Z przemyśleń wyciągnęło mnie nagłe pukanie do drzwi. W jednej chwili skierowałam wzrok w ich stronę i poczułam, że serce staje mi w gardle. Czy to ktoś z nich? Czy naprawdę teraz rozegra się mój los?
Podniosłam się powoli z miejsca i podeszłam do nich, żeby spojrzeć przez wizjer. Moje oczy momentalnie rozszerzyły się ze zdziwienia, kiedy po drugiej stronie zobaczyłam nikogo innego, jak Lukrecję. Co ona tutaj robiła?
- Co tutaj robisz? - odezwałam się drżącym głosem, a moja dłoń instynktownie powędrowała na zamek od drzwi. - Dlaczego mnie znalazłaś?
- Chcę z Tobą porozmawiać..
- Nie powinnaś ze mną rozmawiać.
- Ale muszę. - odpowiedziała stanowczo. - Chyba tylko z Tobą mogę..
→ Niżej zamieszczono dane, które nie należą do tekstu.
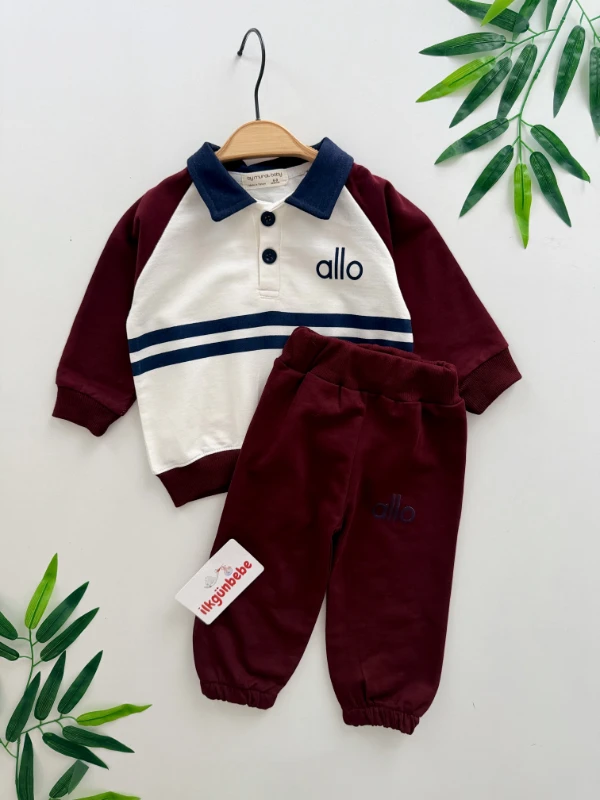 Allo Çizgili %100 Pamuk Mevsimlik Takım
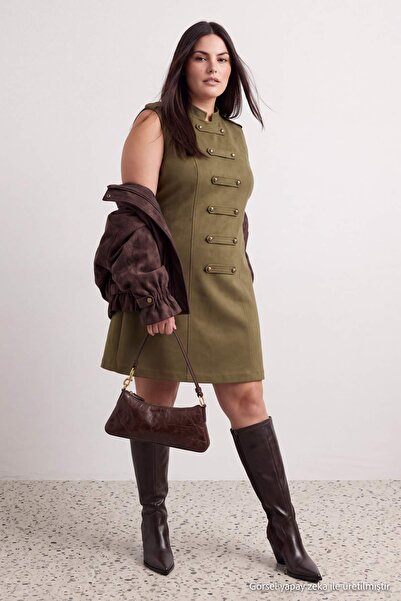 Trendyol Curve Khaki Napoleon Mini Woven Plus Size Dress Tbbaw27Ah00078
To mną trochę ruszyło, a raczej moim sercem. To ona była ze mną kiedy nikt inny nie chciał i mimo wszystko mnie wysłuchała. Jestem jej za to wdzięczna.. i miałam nadzieję, że nie pożałuję swojego gestu. Powoli odsunęłam zamek i po chwili otworzyłam drzwi. Przez chwilę wpatrywałyśmy się w siebie. Wyglądałam żałośnie, z podkrążonymi oczami, czerwoną i opuchniętą twarzą, resztkami makijażu i ubrana tylko w zabrudzony, za duży t-shirt. Kiedy odsunęłam się, aby mogła wejść do środka, zauważyłam, że ona sama najlepiej nie wygląda. Nie tak jak ja ale.. musiała płakać.
- Przepraszam za warunki.. ale naprawdę nikogo się nie spodziewałam. - powiedziałam cicho zamykając drzwi, nie zapominając o dodatkowym zamku.